- **TASK GOAL**:
Give back exactly the lines of the entries below from the line with "lot 52 image: Signed" to the line with "apartment website design", inclusive, and only those.

═══ DATA FOR THIS TASK

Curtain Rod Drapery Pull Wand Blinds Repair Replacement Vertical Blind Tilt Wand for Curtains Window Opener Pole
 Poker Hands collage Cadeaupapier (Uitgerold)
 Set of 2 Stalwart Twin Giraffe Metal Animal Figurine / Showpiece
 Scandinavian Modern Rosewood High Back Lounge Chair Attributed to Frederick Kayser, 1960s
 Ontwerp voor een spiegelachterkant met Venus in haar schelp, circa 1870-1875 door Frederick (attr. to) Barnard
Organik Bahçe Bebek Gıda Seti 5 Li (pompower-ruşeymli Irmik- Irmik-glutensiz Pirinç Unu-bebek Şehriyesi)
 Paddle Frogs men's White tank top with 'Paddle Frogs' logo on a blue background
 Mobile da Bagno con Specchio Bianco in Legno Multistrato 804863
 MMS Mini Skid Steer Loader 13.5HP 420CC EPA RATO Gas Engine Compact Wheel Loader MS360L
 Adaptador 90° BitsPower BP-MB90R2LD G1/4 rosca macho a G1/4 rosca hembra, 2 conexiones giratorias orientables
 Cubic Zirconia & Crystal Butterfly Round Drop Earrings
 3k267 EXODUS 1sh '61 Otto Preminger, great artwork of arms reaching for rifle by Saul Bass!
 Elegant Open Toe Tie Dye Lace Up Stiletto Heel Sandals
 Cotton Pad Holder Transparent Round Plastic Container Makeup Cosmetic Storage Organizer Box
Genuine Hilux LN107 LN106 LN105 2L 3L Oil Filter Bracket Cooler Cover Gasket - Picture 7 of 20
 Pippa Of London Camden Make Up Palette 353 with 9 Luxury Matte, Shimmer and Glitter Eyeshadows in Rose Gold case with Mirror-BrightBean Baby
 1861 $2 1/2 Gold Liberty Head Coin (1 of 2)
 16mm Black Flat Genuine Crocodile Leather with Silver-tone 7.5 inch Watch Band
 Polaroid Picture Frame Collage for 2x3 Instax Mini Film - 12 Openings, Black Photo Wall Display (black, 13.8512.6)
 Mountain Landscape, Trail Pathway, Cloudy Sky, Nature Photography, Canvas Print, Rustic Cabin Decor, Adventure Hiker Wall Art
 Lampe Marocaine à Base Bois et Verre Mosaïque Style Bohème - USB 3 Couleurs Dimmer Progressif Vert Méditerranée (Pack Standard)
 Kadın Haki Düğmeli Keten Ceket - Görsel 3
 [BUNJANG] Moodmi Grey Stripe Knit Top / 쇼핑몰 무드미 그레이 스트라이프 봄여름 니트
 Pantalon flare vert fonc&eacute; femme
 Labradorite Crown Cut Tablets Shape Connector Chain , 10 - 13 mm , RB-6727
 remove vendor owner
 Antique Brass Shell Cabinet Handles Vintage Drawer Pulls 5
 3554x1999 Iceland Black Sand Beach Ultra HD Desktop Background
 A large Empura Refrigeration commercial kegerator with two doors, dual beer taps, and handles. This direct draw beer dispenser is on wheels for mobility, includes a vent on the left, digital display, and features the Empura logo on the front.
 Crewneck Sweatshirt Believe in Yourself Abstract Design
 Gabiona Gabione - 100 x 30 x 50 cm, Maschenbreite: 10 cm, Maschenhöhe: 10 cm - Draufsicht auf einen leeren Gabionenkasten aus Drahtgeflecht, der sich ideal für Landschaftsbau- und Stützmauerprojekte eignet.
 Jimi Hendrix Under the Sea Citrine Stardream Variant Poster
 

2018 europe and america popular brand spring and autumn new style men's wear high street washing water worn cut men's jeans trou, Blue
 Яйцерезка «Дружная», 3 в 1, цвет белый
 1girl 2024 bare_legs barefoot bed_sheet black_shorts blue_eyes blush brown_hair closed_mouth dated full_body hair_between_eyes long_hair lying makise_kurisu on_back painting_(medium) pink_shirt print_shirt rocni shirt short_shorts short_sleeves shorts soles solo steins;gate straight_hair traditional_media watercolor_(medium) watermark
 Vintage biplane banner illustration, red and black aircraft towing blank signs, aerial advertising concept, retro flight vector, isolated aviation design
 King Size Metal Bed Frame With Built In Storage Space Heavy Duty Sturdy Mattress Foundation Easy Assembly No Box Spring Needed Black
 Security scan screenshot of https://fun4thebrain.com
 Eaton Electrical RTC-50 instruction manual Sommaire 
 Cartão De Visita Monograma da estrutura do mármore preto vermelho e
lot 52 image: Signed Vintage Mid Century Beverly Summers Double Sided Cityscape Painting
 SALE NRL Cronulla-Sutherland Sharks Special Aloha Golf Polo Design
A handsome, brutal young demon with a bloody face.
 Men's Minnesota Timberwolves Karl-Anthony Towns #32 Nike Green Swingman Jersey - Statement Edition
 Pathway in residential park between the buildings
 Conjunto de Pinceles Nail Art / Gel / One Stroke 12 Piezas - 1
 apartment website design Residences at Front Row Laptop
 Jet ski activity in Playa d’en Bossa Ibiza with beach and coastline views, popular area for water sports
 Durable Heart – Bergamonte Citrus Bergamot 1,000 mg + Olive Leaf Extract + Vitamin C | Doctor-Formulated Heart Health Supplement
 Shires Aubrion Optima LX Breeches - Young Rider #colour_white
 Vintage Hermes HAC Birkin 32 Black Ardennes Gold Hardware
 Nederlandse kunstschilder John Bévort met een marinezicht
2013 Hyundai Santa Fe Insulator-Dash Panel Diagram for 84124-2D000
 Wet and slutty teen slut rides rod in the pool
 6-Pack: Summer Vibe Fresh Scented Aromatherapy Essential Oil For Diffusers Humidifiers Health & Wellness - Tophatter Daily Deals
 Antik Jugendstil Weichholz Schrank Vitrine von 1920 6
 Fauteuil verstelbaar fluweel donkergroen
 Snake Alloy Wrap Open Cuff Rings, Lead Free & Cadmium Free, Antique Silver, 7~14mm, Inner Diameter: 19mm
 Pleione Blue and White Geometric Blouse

══════

- **ANSWER SECTION**:
lot 52 image: Signed Vintage Mid Century Beverly Summers Double Sided Cityscape Painting
 SALE NRL Cronulla-Sutherland Sharks Special Aloha Golf Polo Design
A handsome, brutal young demon with a bloody face.
 Men's Minnesota Timberwolves Karl-Anthony Towns #32 Nike Green Swingman Jersey - Statement Edition
 Pathway in residential park between the buildings
 Conjunto de Pinceles Nail Art / Gel / One Stroke 12 Piezas - 1
 apartment website design Residences at Front Row Laptop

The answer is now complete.